17 de febrero de 2015

Personajes literarios

De las lecturas, que ya van siendo, como van siendo los años (no tantas como me gustaría, aunque hay que mirarlo por el lado positivo: quedan tantos por descubrir), siempre hay personajes que destacan, incluso por encima de la trama. Y ahí quedan, al principio tan presentes como esos otros reales que forman parte de nuestra vida, después va quedando como el poso de "alguien" a quien dejas irse, como ese amigo del que nunca vuelves a saber y queda el rastro de su presencia en los lugares habituales por donde nos movíamos juntos (los de las páginas de un libro, en este caso).

Apenas si recuerdo ya a Santiago Biralbo, El invierno en Lisboa, al que le ponía pose de actor de cine policíaco, un personaje de Hitchcock, tal vez, envuelto en humo y con su inseparable vaso de bourbon en la mano, aporreando pianos en bares en blanco y negro del estilo de Casablanca. Dijo Muñoz Molina, allá por 1987, acerca de su novela:  "Hay en mi novela una especie de invocación a los bares, a los lugares no legitimados como patria". Por esos escenarios viciados por el cine, esos no lugares, que diría mi amigo Laporte, se mueve Biralbo en mi memoria.

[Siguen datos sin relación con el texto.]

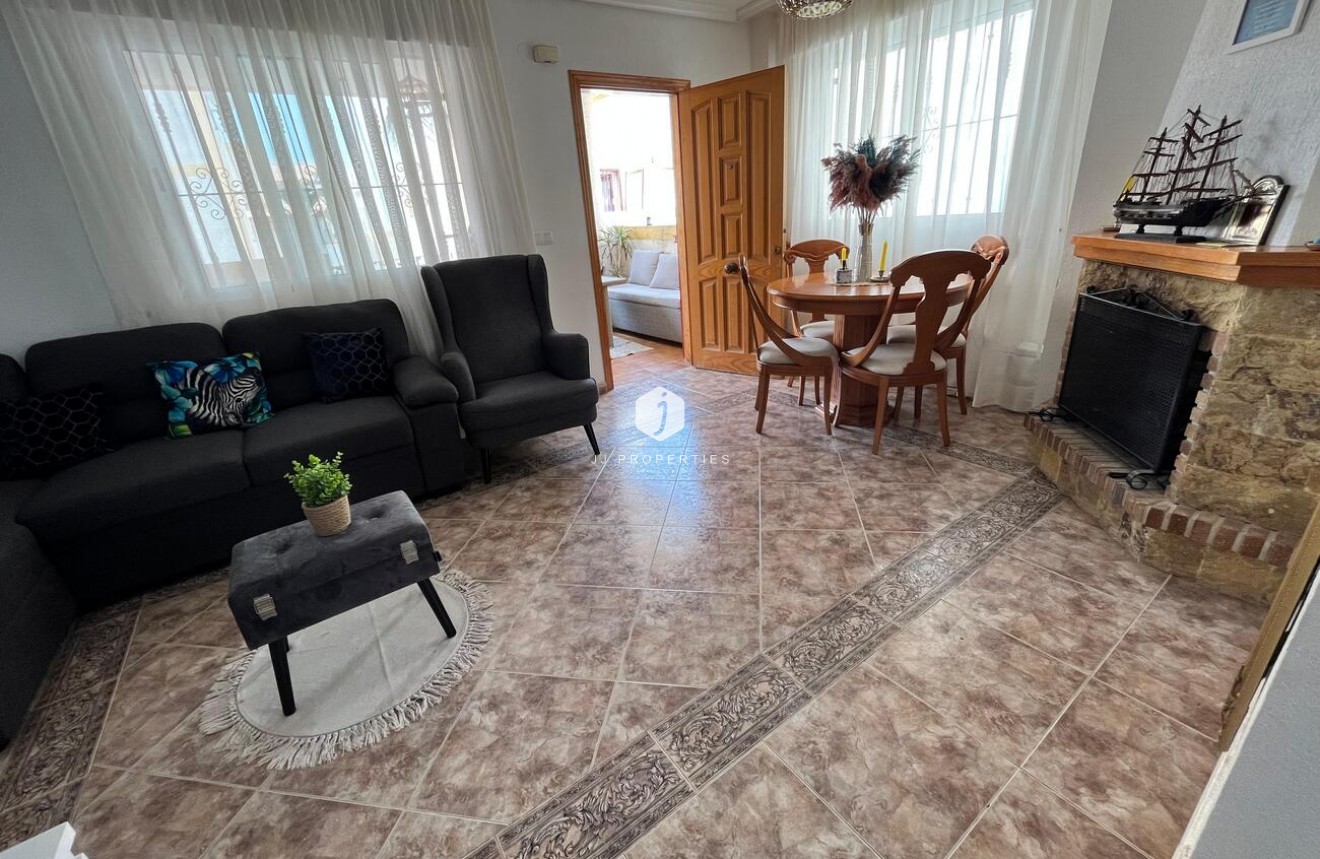 Z drugiej ręki - Daszek -
Torrevieja - La Florida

Este me atrapó especialmente en su terrible soledad, en las alargadas sombras, en el cielo negro que iba cubriendo de olvido Ainielle como la mala hierba que se cuela entre las paredes y las desmorona, fue Andrés, de 'La lluvia amarilla'. Por mi mente vaga Andrés, en su desolación, en su locura que sólo aguarda a la muerte, en la soledad impuesta por el abandono, por calles desiertas, tejados hundidos, bisagras chirriantes por la herrumbre, y puertas y ventanas desvencijadas a merced del viento.

Otro personaje que se mueve sin nombre pero con pies de plomo por la mente es el protagonista de La mala luz, de Carlos Castán. El personaje de La mala luz es un monologuista que no cesa de ahondar en la esencia del ser humano, tan melancólico, tan lúcido a ratos, tan desesperado en otros... el paisaje por donde se mueve es puramente emocional, no tiene lugar definido, como no lo tiene el dolor o la nostalgia por lo perdido, por lo no vivido.

Y ese viejo que leía novelas de amor, "del verdadero, del que hace sufrir", que tan humanamente recrea Luis Sepúlveda. Un canto a la naturaleza, al respeto de esas otras formas de vida ancestrales... Así, Antonio José Bolivar Proaño se mueve en mi memoria por una aldea indígena, rudo y tierno a la vez y con una novela de verdadero amor, del que hace sufrir, bajo el brazo, camino de la soledad de su chamizo en donde ponerse a leer.

Son muchos más los que pueden aflorar, pero por no alargar esta entrada, hago alusión al que creo que será, y aquí quería llegar, otro insigne personaje literario que tendrá un lugar para siempre en la memoria: Sabas, Las ciegas hormigas, de Ramiro Pinilla. Él (y toda su familia, pero especialmente Sabas) vagará como un fantasma entre los acantilados del norte en un eterno día de lluvia, con su rostro tiznado de carbón y chorreándole el agua por el mentón, templado y tenaz, desafiando al cielo, al tiempo, a la suerte, presintiendo la tragedia, como el zarpazo inevitable de las olas contra las piedras.

En todos y cada uno de los personajes anida, explícita o implícitamente, una esperanza, que es al fin y al cabo, de lo que se trata.